Re: [rtcweb] More H.264 vs VP8 tests

On 2013-06-22 18:54, Leon Geyser wrote:
> Hi Bo,
>
> Thanks for the additional testing done.
>
> I am not 100% why we have to test with fixed qp-levels when WebRTC is
> going to be used over the internet. I would assume that WebRTC would be
> used over the internet...
> My understanding of rate-control might be completely wrong. Why test
> modes that might not even be used in real-world scenarios?
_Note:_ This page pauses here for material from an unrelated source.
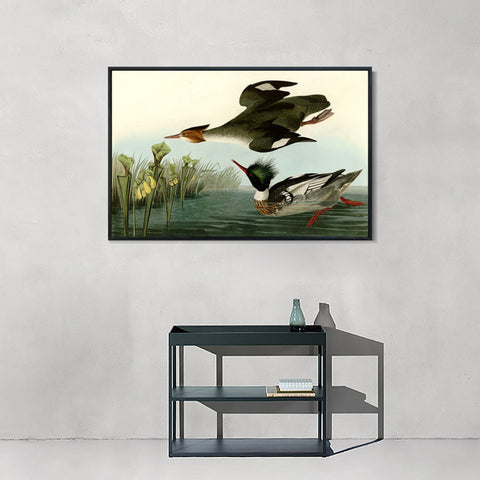 INVIN ART Framed Canvas Giclee Print Red breasted Merganser by John James Audubon Wall Art Living Room Home Office Decorations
Hi Leon (responding for Bo who is enjoying his vacation),

you are absolutely right, these codecs are going to be used with 
rate-controllers when deployed in the real world. However, we still do 
not think it is a good idea having rate control turned on when comparing 
them. The reason is that the rate controller influences the quality so 
much that it is very hard to get any comparable signal if you include 
them. Let me give you one example; let's say that you use the same 
codec, but two different rate controllers. Rate control A is very 
liberal with its bits in the beginning of the sequence, whereas rate 
control B is very frugal. On a video conferencing type sequence, where 
the camera is static and not much is happening, rate control A will win 
by a huge margin over rate control B. The reason is that the first frame 
will be encoded very well and this data can be used during the remainder 
of the sequence. Rate control B will not be able to stand a chance, even 
though it has more bits for the remaining images.  And this is with the 
same video codec!

We could of course try to make sure that the two rate controllers have 
similar settings; however, since they are not identical they cannot be 
made to work exactly the same. Even small changes in rate control 
settings could have a huge effect on the end result.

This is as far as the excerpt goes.